**Aim of the exercise:**
When you transcribe the listing that follows, keep every line exact and skip any picture.

**Recorded data:**

########

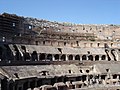 Arches inside the Colosseum in Rome, Italy (2005)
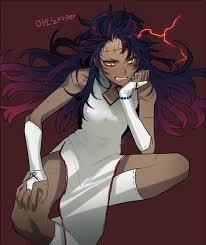 Pin By Helene Perea On Anime Art Girl Anime Black Hair Black Anime Characters Pink Hair Anime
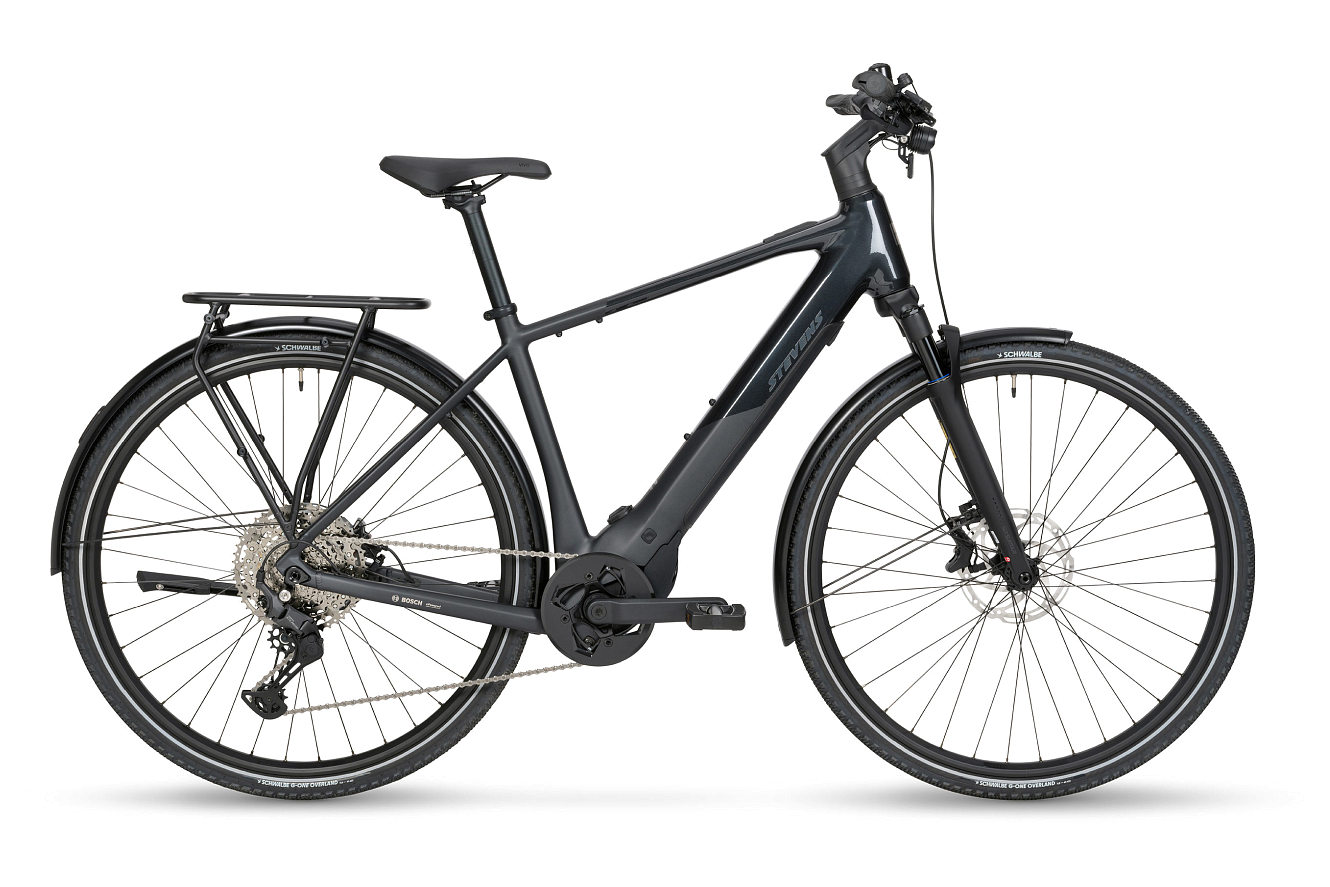 Stevens E-Comuna 7.4.1 HT Gent black mercury, XL | (28")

########

**Written response:**
 Arches inside the Colosseum in Rome, Italy (2005)
 Pin By Helene Perea On Anime Art Girl Anime Black Hair Black Anime Characters Pink Hair Anime
 Stevens E-Comuna 7.4.1 HT Gent black mercury, XL | (28")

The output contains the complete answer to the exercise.